Önceki yazımda fikir, sanat ve siyaset dünyasından bazı isimler saymıştım. Bilim teknoloji meselesi için gereğini yapmayan, yazar, düşünür, yöneticilerimiz için ne demiştim. İleri düşünceli insanlar oldukları hakkında “Bu yaygın düşünüş, ama bize göre yanlış - ve huva indana batıl”.

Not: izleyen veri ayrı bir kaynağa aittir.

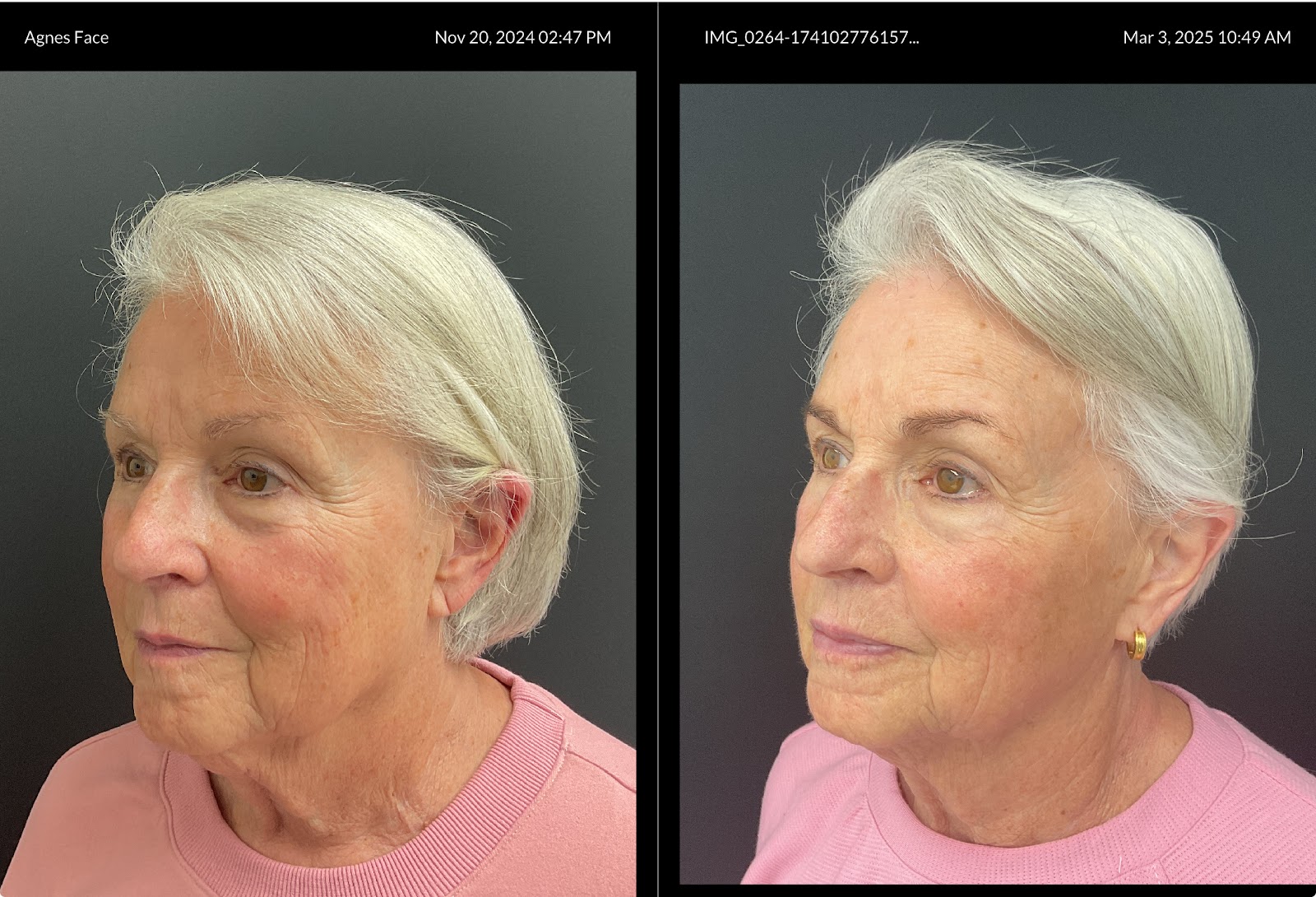 A real Agnes RF skin-tightening before and after at OC Weight Loss & Med Spa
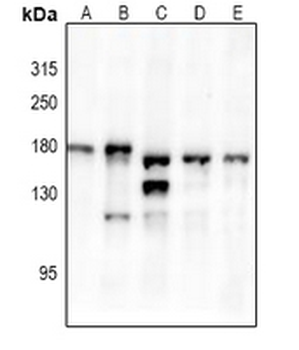 Anti-TRK B (pY516) Antibody
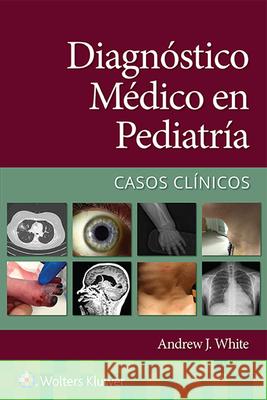 Diagnóstico Médico En Pediatría. Casos Clínicos White, Andrew 9788418892615 Ovid Technologies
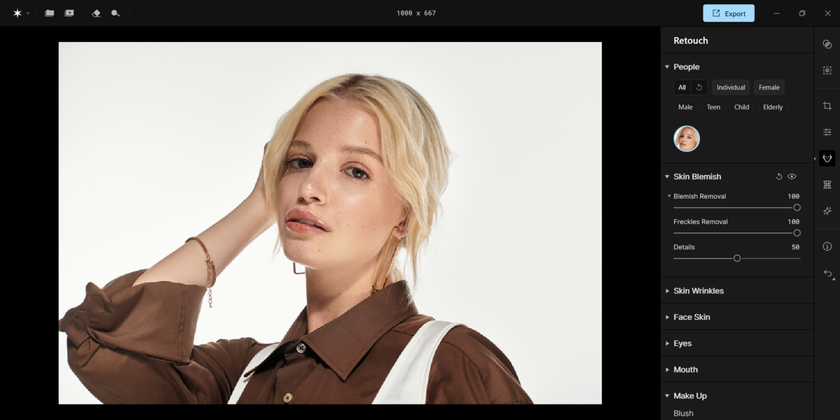 Skin Blemish in Aperty | Aperty How To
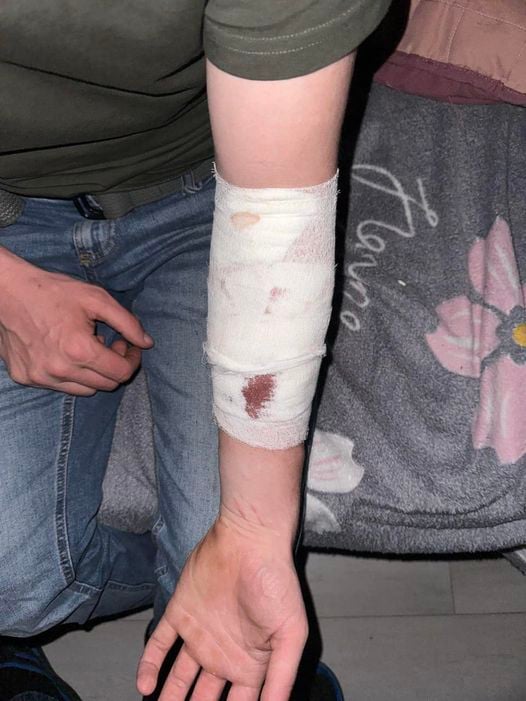 Рука чоловіка після інциденту. Фото: Duny Jeż Emreis/Facebook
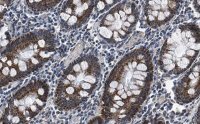 Anti-FBXO38 Antibody, clone 1I18 ZooMAb� Rabbit Monoclonal 
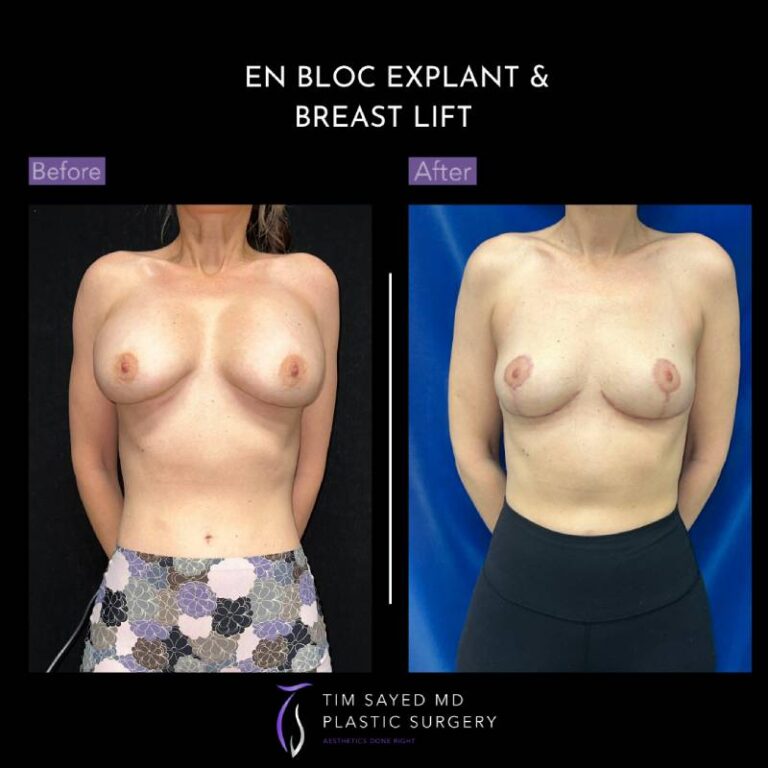 before and after en bloc explant with mastopexy front view of patient 8854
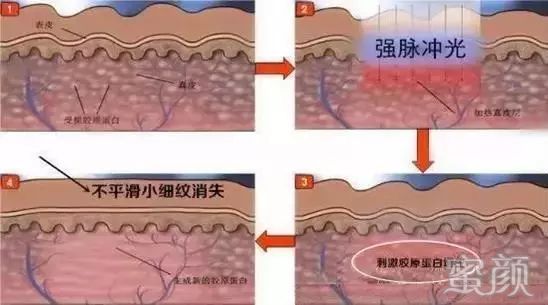 案例图片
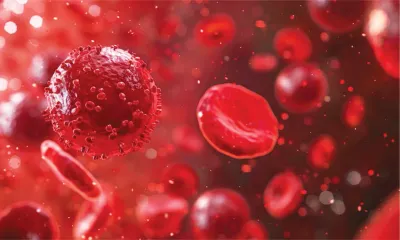 کلینیک انکولوژی - هماتولوژی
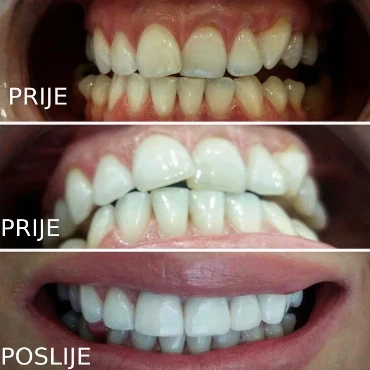 Uklapanje keramičkih faseta sa prirodnim zubima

“ Batının tehdidi altında yaşamamızın ve iktidarların onların elinde kuklalaşmasının sebebi bilim ve teknoloji alanındaki geriliğimizdir. Ülkemize yönelik tehdit bilim ve teknoloji üzerinden bize ulaştığı halde, açığı kapatmak için kararlılık sergilemiyoruz. Hatta tam aksine çok da rahat görünüyoruz.” İbrahim Okur. Uygarlık yolu s.190
Yeniçağ biliminin öncüsü olarak kabul edilen Nicolaus Copernicus (Kapernik (1473-15439) Polonya doğumludur. Ülkesinde teoloji okudu. İtalya’da daha çok sevdiği tıp, matematik, astronomi ve kilise hukuku alanlarında sürdürerek matematik Profesörü oldu. Astronomiye hep ilgi duydu.
Türkiye’de ülkenin refahına katkıda bulunacak düzeyde bilim ve teknoloji üretiminin olmaması, yerimizde sayacağımız anlamına gelmektedir. Halk siyasetçilerden maaşa zam, ucuzluk vs. istiyor. Bilim üretilsin, teknoloji üretilsin isteği yok. Bilim, üretilmeyince teknoloji üretilemez.